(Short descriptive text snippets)
Content starts
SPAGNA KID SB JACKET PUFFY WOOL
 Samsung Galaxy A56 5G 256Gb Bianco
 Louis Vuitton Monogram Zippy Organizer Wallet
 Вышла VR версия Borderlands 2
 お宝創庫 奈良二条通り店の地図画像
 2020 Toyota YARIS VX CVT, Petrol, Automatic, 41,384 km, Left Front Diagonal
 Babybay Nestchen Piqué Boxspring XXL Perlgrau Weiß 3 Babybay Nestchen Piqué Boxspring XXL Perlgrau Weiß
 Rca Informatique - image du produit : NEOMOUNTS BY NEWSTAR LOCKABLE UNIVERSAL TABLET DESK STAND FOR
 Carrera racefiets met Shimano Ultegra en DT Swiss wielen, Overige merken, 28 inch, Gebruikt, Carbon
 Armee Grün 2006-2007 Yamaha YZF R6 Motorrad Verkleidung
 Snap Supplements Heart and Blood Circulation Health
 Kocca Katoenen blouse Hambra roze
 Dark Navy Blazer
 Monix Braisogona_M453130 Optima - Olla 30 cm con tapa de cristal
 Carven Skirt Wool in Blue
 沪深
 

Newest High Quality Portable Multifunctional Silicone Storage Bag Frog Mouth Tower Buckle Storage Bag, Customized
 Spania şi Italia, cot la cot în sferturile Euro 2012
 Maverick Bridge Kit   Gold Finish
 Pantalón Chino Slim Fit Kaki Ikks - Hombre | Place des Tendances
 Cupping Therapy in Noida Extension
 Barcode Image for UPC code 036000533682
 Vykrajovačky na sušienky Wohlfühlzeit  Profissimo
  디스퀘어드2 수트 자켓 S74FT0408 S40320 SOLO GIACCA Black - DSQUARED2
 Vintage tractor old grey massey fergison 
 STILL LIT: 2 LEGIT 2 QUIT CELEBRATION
Content ends
• TASK STATEMENT
Copy each line of the entries exactly.

• PROBLEM SOLUTION
SPAGNA KID SB JACKET PUFFY WOOL
 Samsung Galaxy A56 5G 256Gb Bianco
 Louis Vuitton Monogram Zippy Organizer Wallet
 Вышла VR версия Borderlands 2
 お宝創庫 奈良二条通り店の地図画像
 2020 Toyota YARIS VX CVT, Petrol, Automatic, 41,384 km, Left Front Diagonal
 Babybay Nestchen Piqué Boxspring XXL Perlgrau Weiß 3 Babybay Nestchen Piqué Boxspring XXL Perlgrau Weiß
 Rca Informatique - image du produit : NEOMOUNTS BY NEWSTAR LOCKABLE UNIVERSAL TABLET DESK STAND FOR
 Carrera racefiets met Shimano Ultegra en DT Swiss wielen, Overige merken, 28 inch, Gebruikt, Carbon
 Armee Grün 2006-2007 Yamaha YZF R6 Motorrad Verkleidung
 Snap Supplements Heart and Blood Circulation Health
 Kocca Katoenen blouse Hambra roze
 Dark Navy Blazer
 Monix Braisogona_M453130 Optima - Olla 30 cm con tapa de cristal
 Carven Skirt Wool in Blue
 沪深
 

Newest High Quality Portable Multifunctional Silicone Storage Bag Frog Mouth Tower Buckle Storage Bag, Customized
 Spania şi Italia, cot la cot în sferturile Euro 2012
 Maverick Bridge Kit   Gold Finish
 Pantalón Chino Slim Fit Kaki Ikks - Hombre | Place des Tendances
 Cupping Therapy in Noida Extension
 Barcode Image for UPC code 036000533682
 Vykrajovačky na sušienky Wohlfühlzeit  Profissimo
  디스퀘어드2 수트 자켓 S74FT0408 S40320 SOLO GIACCA Black - DSQUARED2
 Vintage tractor old grey massey fergison 
 STILL LIT: 2 LEGIT 2 QUIT CELEBRATION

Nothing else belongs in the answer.